As I research my family history, I am currently aware of a few for whom I've found draft cards from the first two World Wars. I love finding draft cards. To read their physical descriptions and see their signatures these men become more alive to me.
There are only two men I've know personally to serve in the World wars.
My Grandpa Jay on my father's side served in Europe. He was on the beach in Normandy on D-day. He was a translator and hit the beach in a later boat. But I have a sketch of the boats and beach a friend of his did that day as they watched the horror unfold. He passed when I was five.
My Grampy on my mother's side served in the Pacific. He worked as an x-ray tech, serving on islands like Guam and New Caledonia. He passed when I was 13.

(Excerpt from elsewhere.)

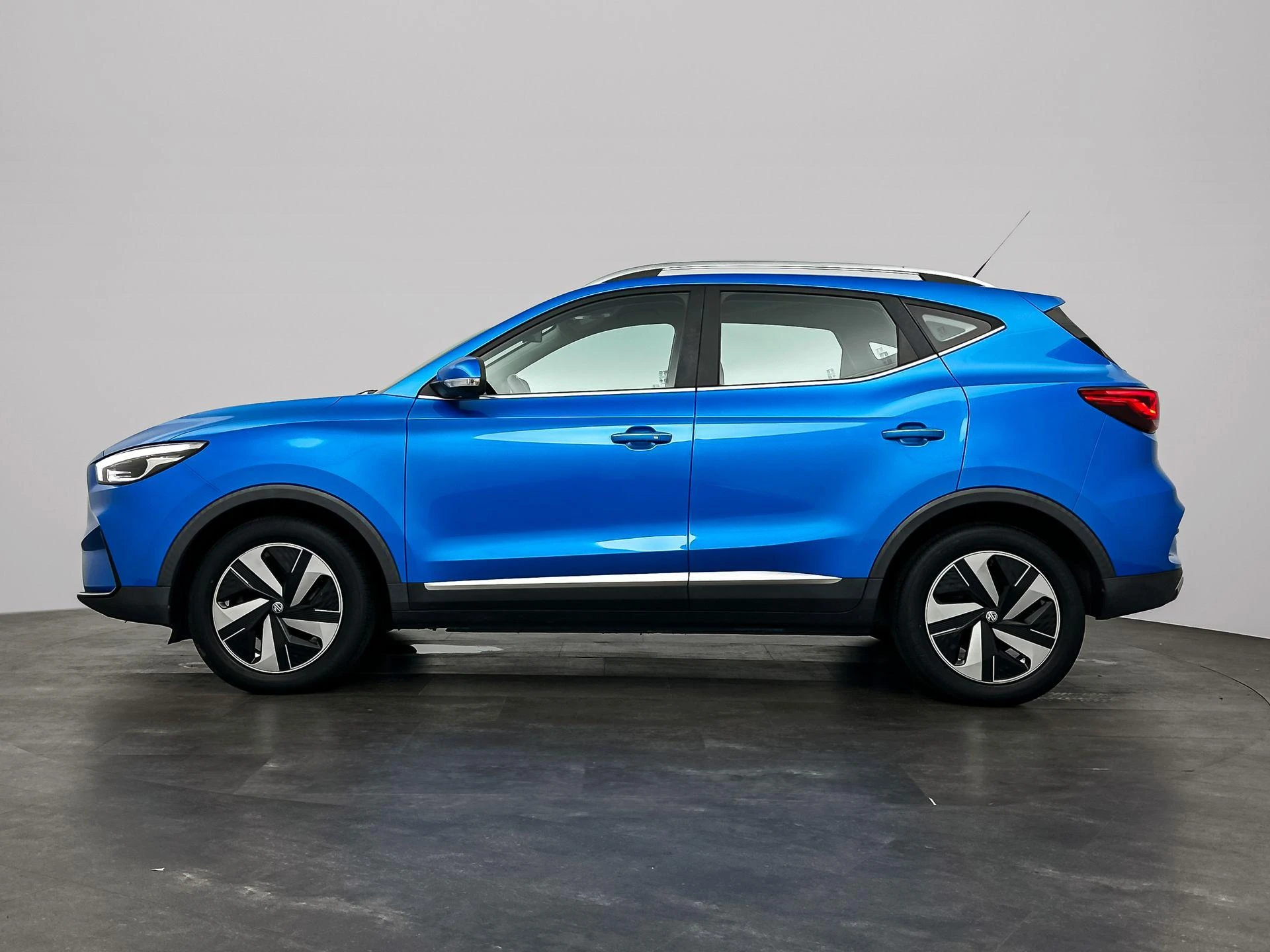 MG-ZS EV-image-1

When I think of the peril in which they lived their lives over those dangerous years, to serve their country and fight for global freedom, I get teary-eyed. Especially when I weigh in the fact that so many men and women didn't return home, families were shattered, and future hopes were destroyed,
It breaks my heart.
But, I am one of the lucky ones. Both of my grandfathers survived with all limbs intact, returned to their families and raised children, my parents. Most families cannot say the same.
So as you go about your picnics and swimming parties on this holiday, please take a moment of silence to honor those men and women, whose faces you know and those you don't, who cared enough to lay down their lives so you could enjoy this moment of freedom.